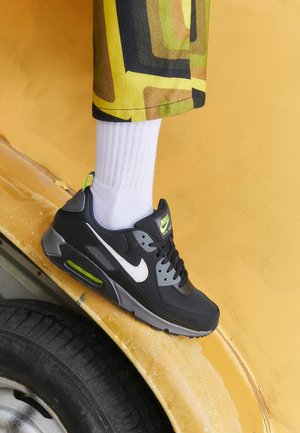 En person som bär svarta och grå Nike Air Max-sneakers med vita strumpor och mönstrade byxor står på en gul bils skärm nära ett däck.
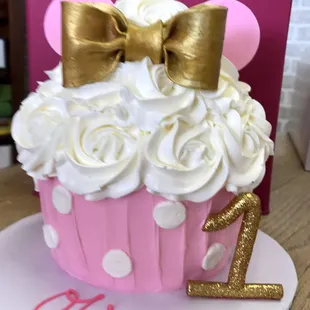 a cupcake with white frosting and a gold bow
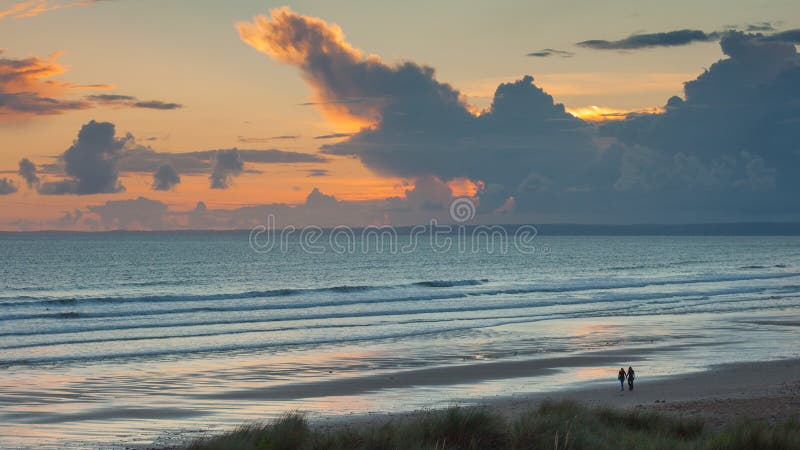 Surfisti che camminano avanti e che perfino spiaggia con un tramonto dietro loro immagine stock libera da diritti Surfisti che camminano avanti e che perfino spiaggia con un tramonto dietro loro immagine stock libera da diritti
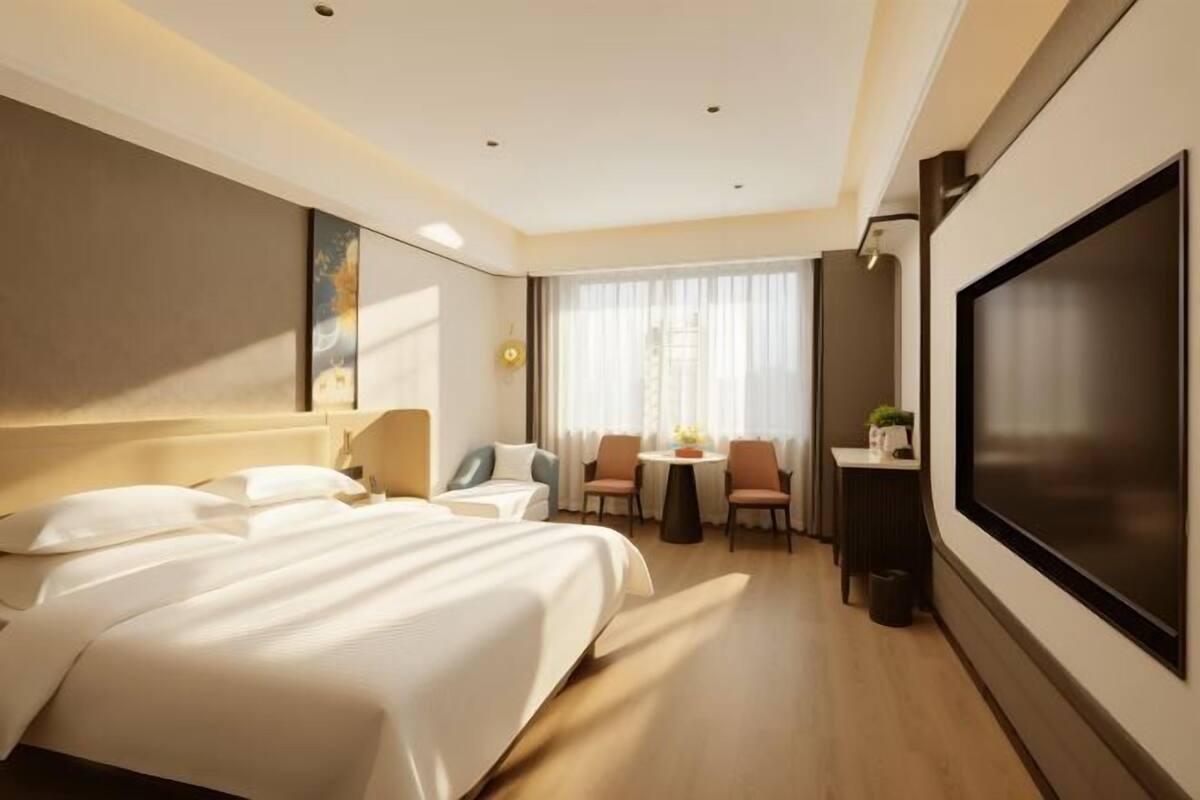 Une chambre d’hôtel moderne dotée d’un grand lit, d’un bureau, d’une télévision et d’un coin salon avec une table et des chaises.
* * *
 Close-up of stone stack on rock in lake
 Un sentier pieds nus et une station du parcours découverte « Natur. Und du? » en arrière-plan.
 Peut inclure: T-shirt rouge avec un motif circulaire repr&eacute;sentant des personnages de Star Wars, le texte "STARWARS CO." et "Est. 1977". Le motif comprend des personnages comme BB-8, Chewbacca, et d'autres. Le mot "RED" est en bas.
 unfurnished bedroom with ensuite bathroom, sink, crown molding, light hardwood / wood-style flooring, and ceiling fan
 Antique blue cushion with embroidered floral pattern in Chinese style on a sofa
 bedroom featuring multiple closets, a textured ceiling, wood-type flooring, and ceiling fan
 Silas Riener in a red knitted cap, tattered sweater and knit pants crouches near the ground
==
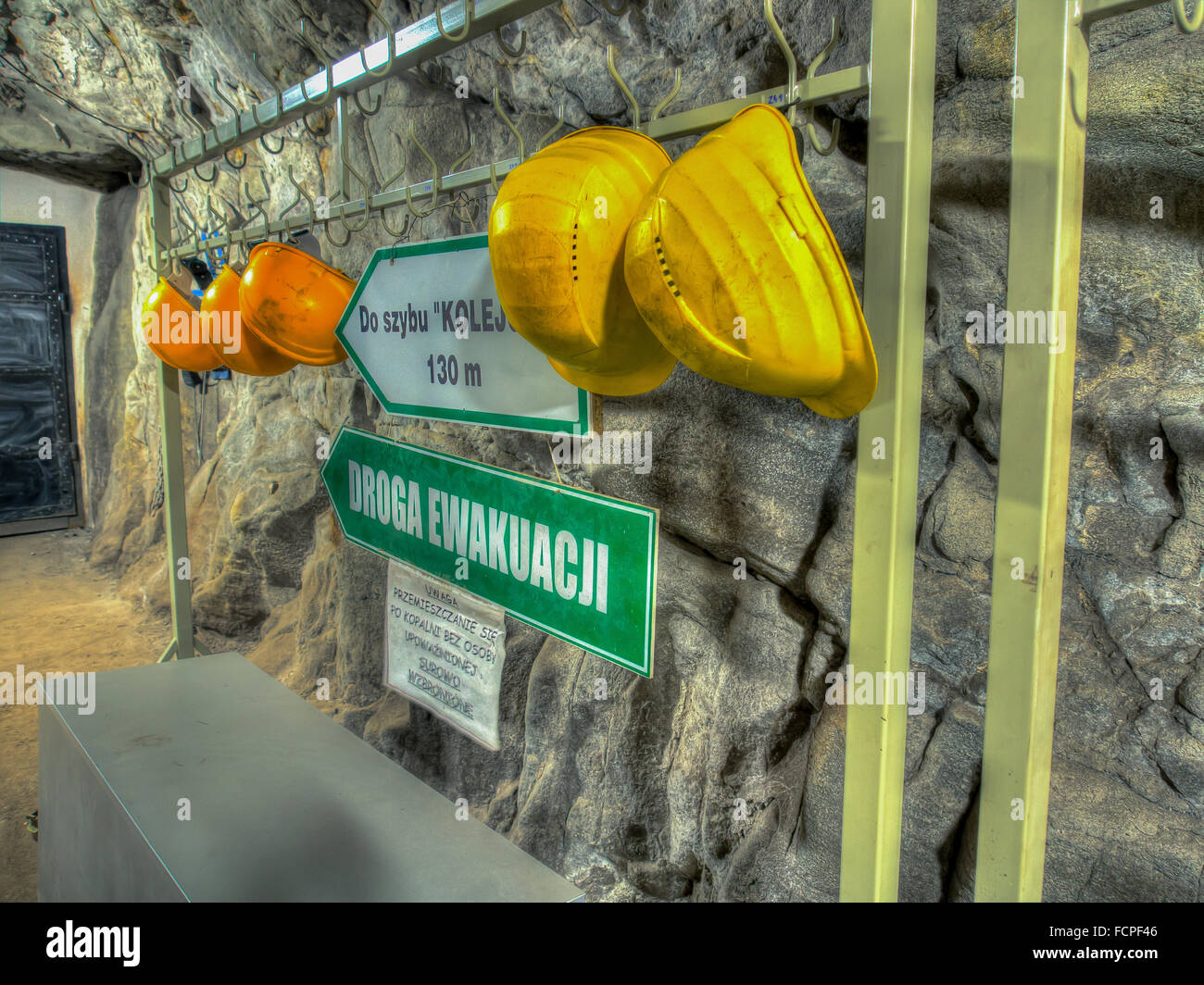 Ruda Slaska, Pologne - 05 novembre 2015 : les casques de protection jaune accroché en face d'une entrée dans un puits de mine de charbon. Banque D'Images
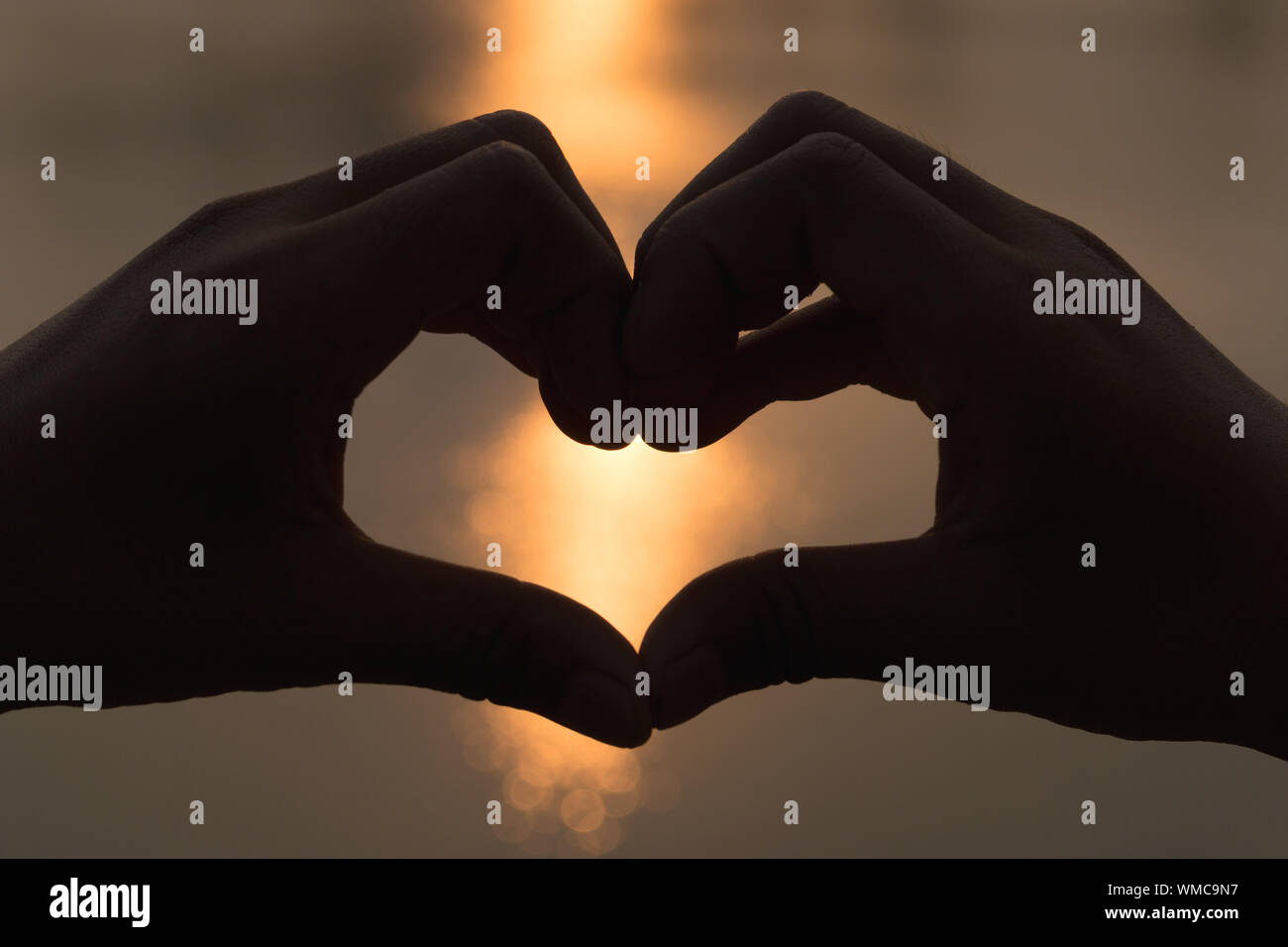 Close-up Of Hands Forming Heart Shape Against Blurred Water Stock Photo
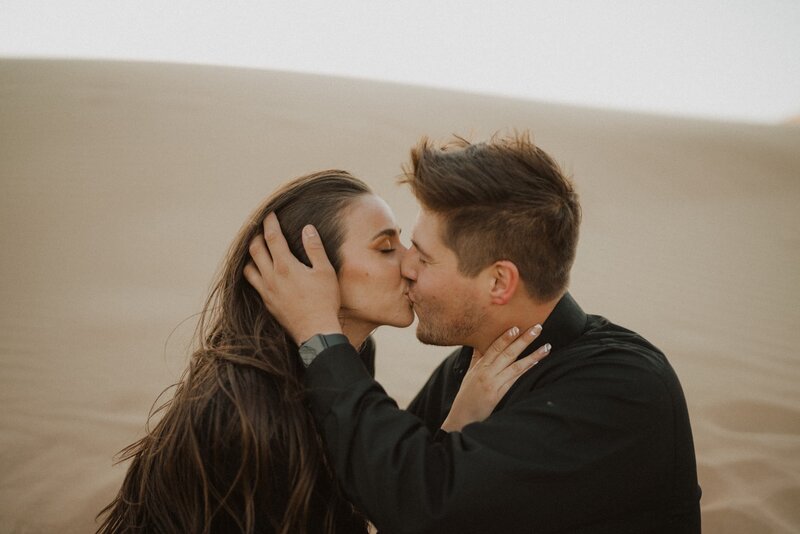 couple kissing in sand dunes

▶ [What to work on]: Copy out every line of the data where the word "wood" occurs.

▶ [Response area]:
 unfurnished bedroom with ensuite bathroom, sink, crown molding, light hardwood / wood-style flooring, and ceiling fan
 bedroom featuring multiple closets, a textured ceiling, wood-type flooring, and ceiling fan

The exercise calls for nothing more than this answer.